Outside of the city, though, there’s something different. It’s wild and untamed. A resistance, led by a gang of feckless outlaws known as the ‘Fabulous Killjoys’: Party Poison, Jet Star, Fun Ghoul and Kobra Kid. Most of their rebellion is contained to subversive radio transmissions – crackling missives which spread messages of hope, defiance, love and – most crucially – having fun with the help of pirate DJ Dr. Death Defying. Hitching your wagon to these guys is probably your best chance of escape.

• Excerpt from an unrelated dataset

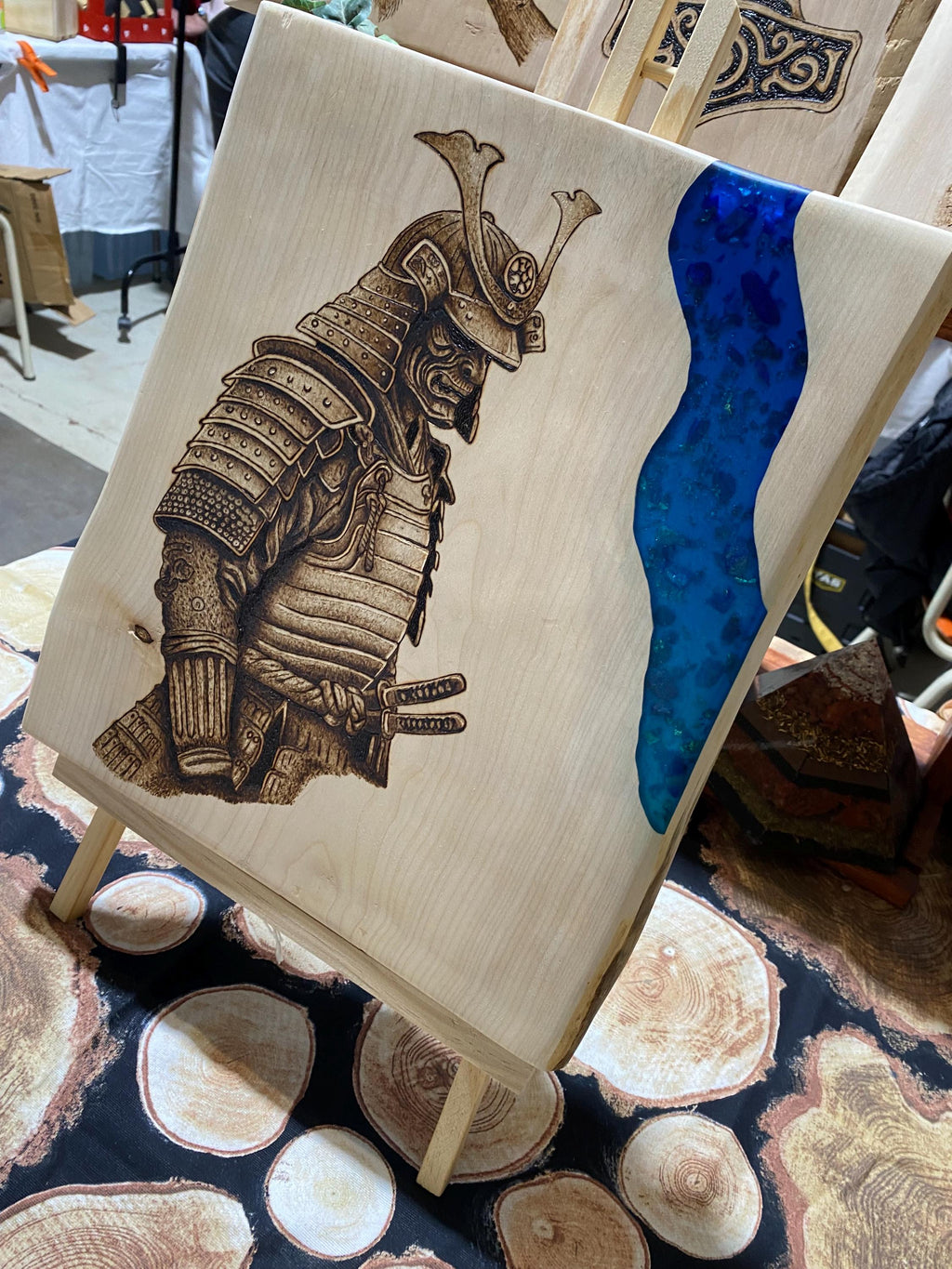 Samurai Brandmalerei von Hand gearbeitet mit Epoxidharz Komponenten (Ohne Laser verarbeitet) 44x34cm Wandgemälde Holzarbeit auf Ahorn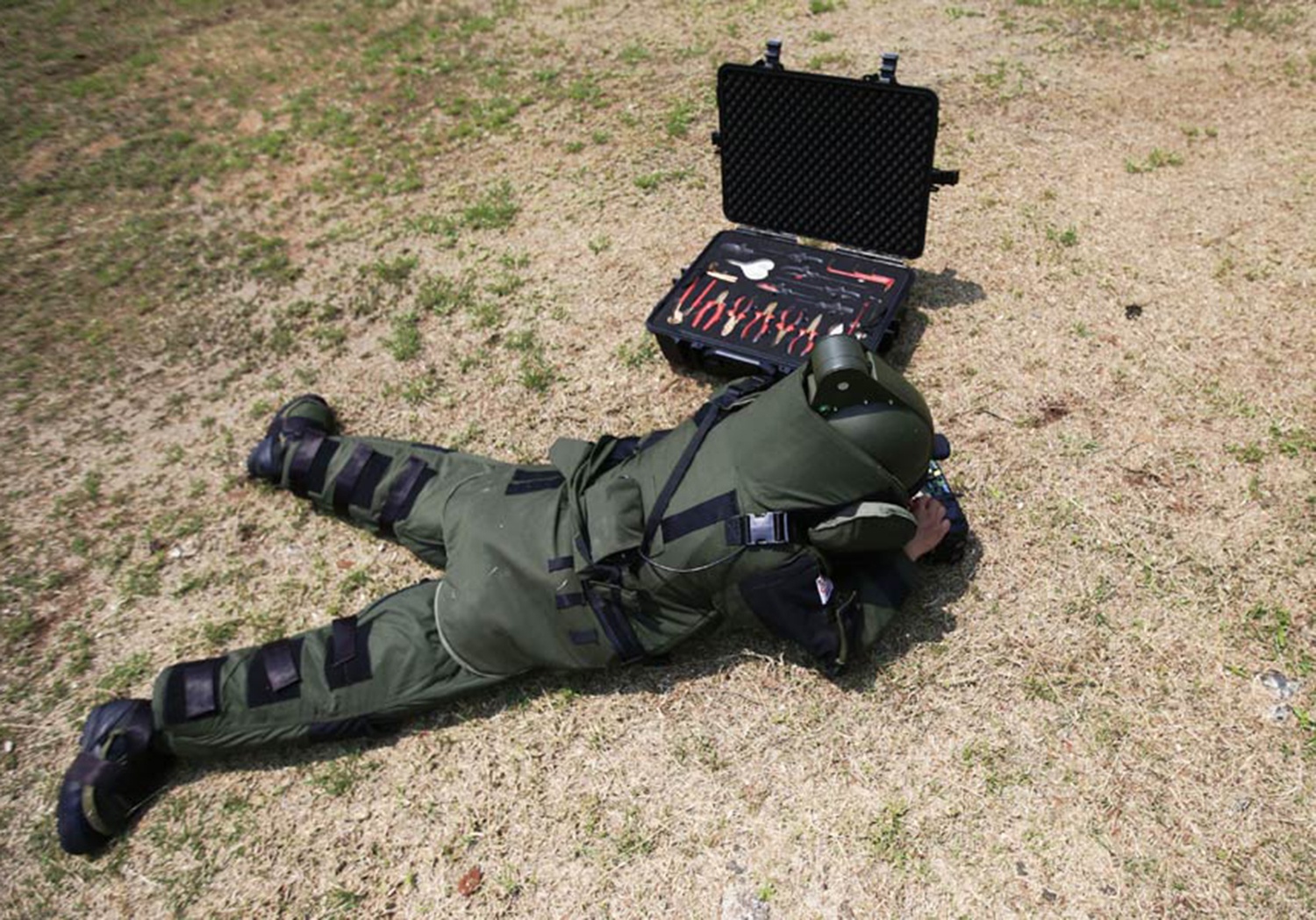 chuyên gia gỡ bom ảnh 6 chuyen gia go bom anh 6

Today, though, the Killjoys look knackered – and there are only three of them here. Perhaps the fourth one got zapped by some intergalactic highwayman on the way here? Party Poison – aka Gerard Way, lead singer of My Chemical Romance – sits perched on the end of a couch, clad all in black with his natural dark roots splayed with shocks of blood-red hair dye. On the right reclines Kobra Kid, normally known as Mikey Way (bass player and Gerard’s younger brother), who is popping a soluble vitamin into his glass of orange squash. And hunched up in the middle is Frank Iero, alter-ego of Fun Ghoul. Mikey’s glass fizzes. "That shit is smoking," says Frank. "It’s like some kind of potion!" laughs Mikey. "Wow, that’s like some shit from The Munsters," concludes Gerard. "The stuff that Grandpa would mix up…"
A week from today, My Chemical Romance will release their fourth album Danger Days: The True Lives Of The Fabulous Killjoys. Like their last album The Black Parade, which was released seemingly an eternity ago (in reality it was only 2006), it’s heavily focussed on a fantasy concept. But if The Black Parade saw them labelled as dark, depressing and as the heads of a dangerous cult corrupting fragile young minds, then Danger Days… is a more straightforward exercise in simply having a good time. The conceits of defiance and rebellion take a backseat to the more traditional rock & roll aim of having fun, as evidenced by the title of lead single ‘Na Na Na (Na Na Na Na Na Na Na Na Na)’; there’s no grand message to buy into here, and adrenaline is more important than intellectualising. That’s not to say there aren’t some lofty ideals involved, though.
"A lot of the elements of the setting are completely metaphorical for the real stuff that’s going on in this album," explains Gerard, "which is a struggle of art vs. commerce and filth vs. corporate clean up, and freedom being a dangerous chaotic thing that’s very hard to achieve, versus a kind of utopian situation where you’re very safe and everything’s very easy, but it’s also very boring."
Mikey chimes in. "We found that not having a concept in the songs kind of liberated things, and the lyrics were so much more direct. There wasn’t a metaphor going on; it was more like grabbing the listener by the collar."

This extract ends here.